▶ [Given information]:
=== Begin Enclosure ===

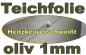 Preview: Teichfolie Oliv 2 x 4 Meter Stärke 1mm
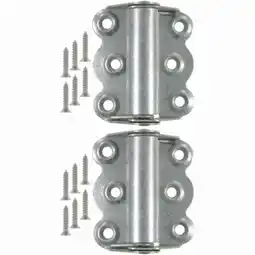 Walmart Hampton Products-Wright 216938 2.75 in. Adjustable Self-Closing Hinges Galvanized offer
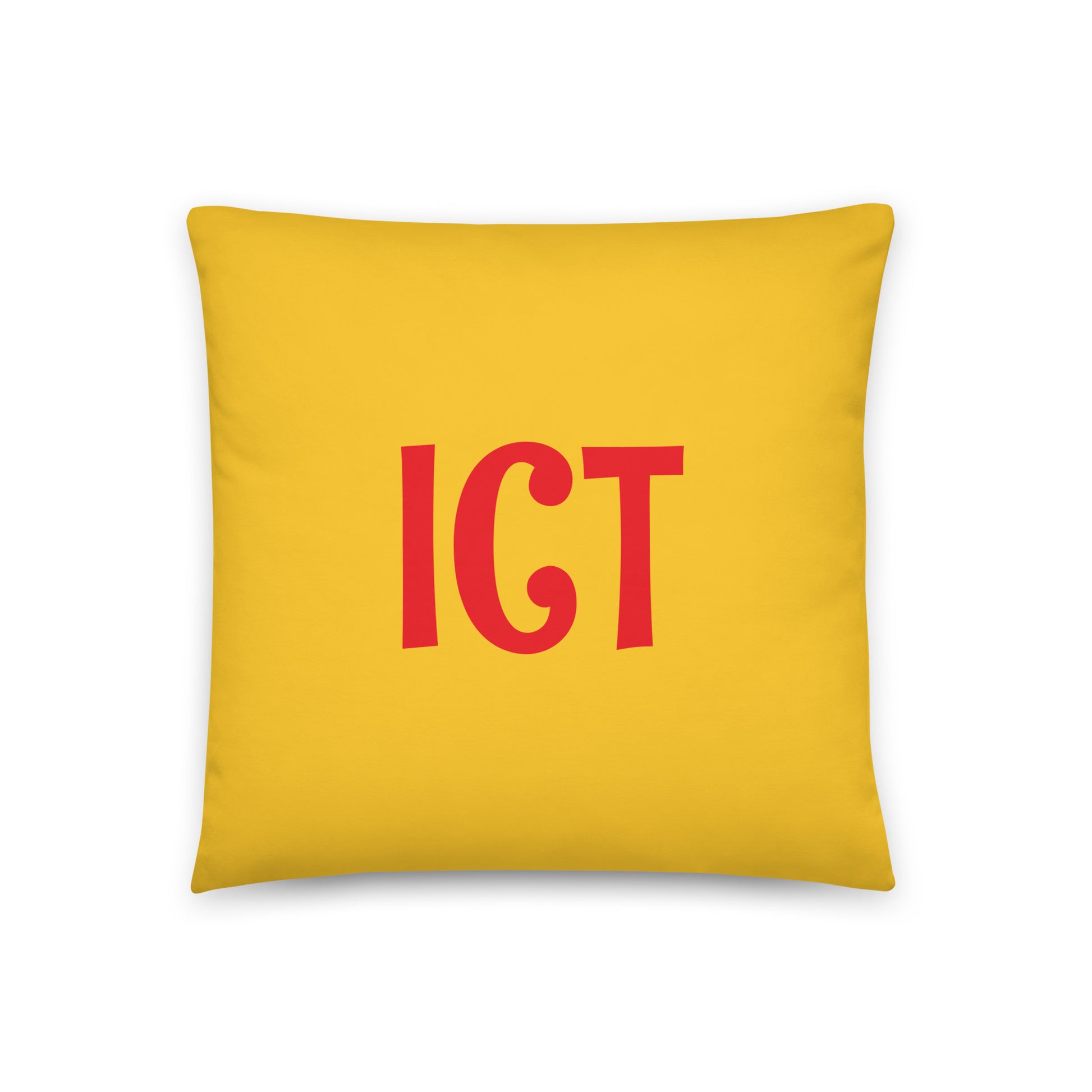 Rainbow Throw Pillow • ICT Wichita • YHM Designs - Image 03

=== End Enclosure ===

▶ [Assignment]: The full data, repeated exactly and stripped of its pictures, is the expected answer.

▶ [Reply to the task]:
 Preview: Teichfolie Oliv 2 x 4 Meter Stärke 1mm
 Walmart Hampton Products-Wright 216938 2.75 in. Adjustable Self-Closing Hinges Galvanized offer
 Rainbow Throw Pillow • ICT Wichita • YHM Designs - Image 03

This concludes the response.